> **WHAT IS REQUIRED**: Nothing but the lines from the one with "Eine weiße Pergola" through the end of the material should be retyped, word for word and without pictures.
---
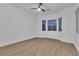 This bedroom boasts modern finishes, wood-look flooring, and ample natural light at 10801 Clarion Ln, Las Vegas, NV 89134
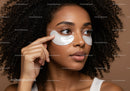 Beautiful woman with eye patches applying skincare facial mask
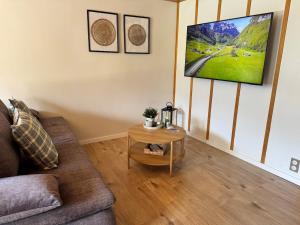 a living room with a couch and a table at River-2 with Iconic Jungfraujoch View in Interlaken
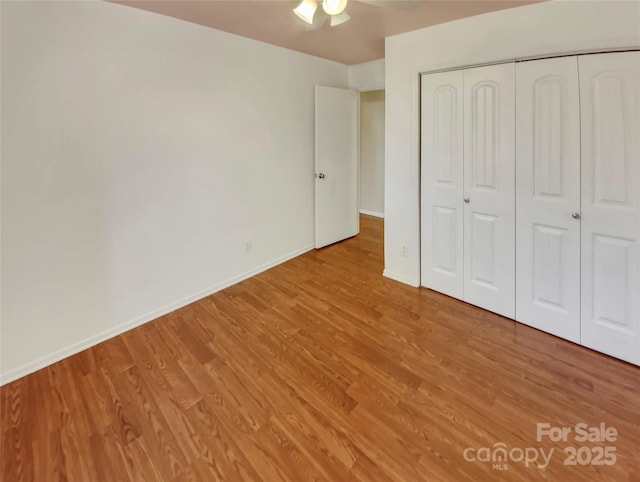 unfurnished bedroom with ceiling fan, a closet, and hardwood / wood-style flooring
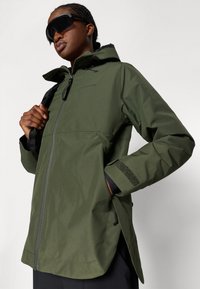 Casaco verde impermeável com fecho zip, capuz ajustável e detalhes com fecho de Velcro. Apresenta um corte relaxado e bolsos laterais.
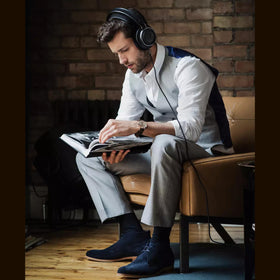 Philips Fidelio X2HR side view shows comfortable over-ear fit for long sessions.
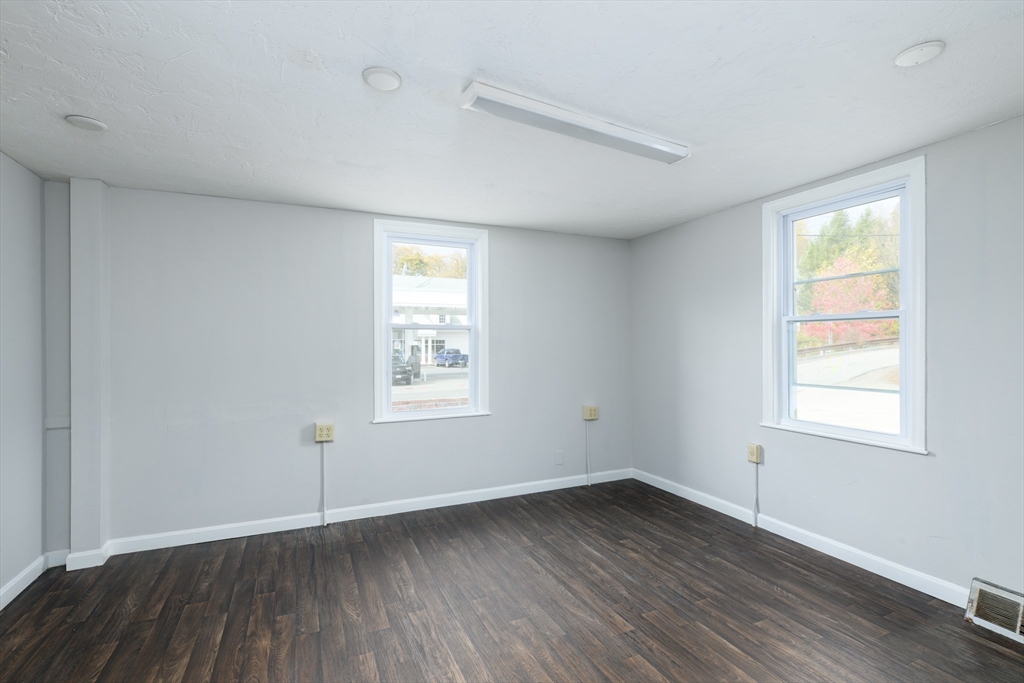 504 Main Street Sturbridge, MA 01518 - Photo 23 of 25 an empty room with wooden floor and windows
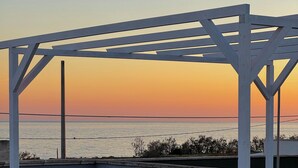 Eine weiße Pergola mit Blick auf das Meer bei Sonnenuntergang.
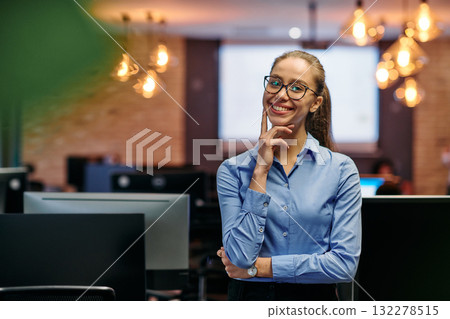 Empowered Elegance: A Confident Businesswoman Radiates Success in Front of Her Office. 132278515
---
> **EXPECTED ANSWER**:
 Eine weiße Pergola mit Blick auf das Meer bei Sonnenuntergang.
 Empowered Elegance: A Confident Businesswoman Radiates Success in Front of Her Office. 132278515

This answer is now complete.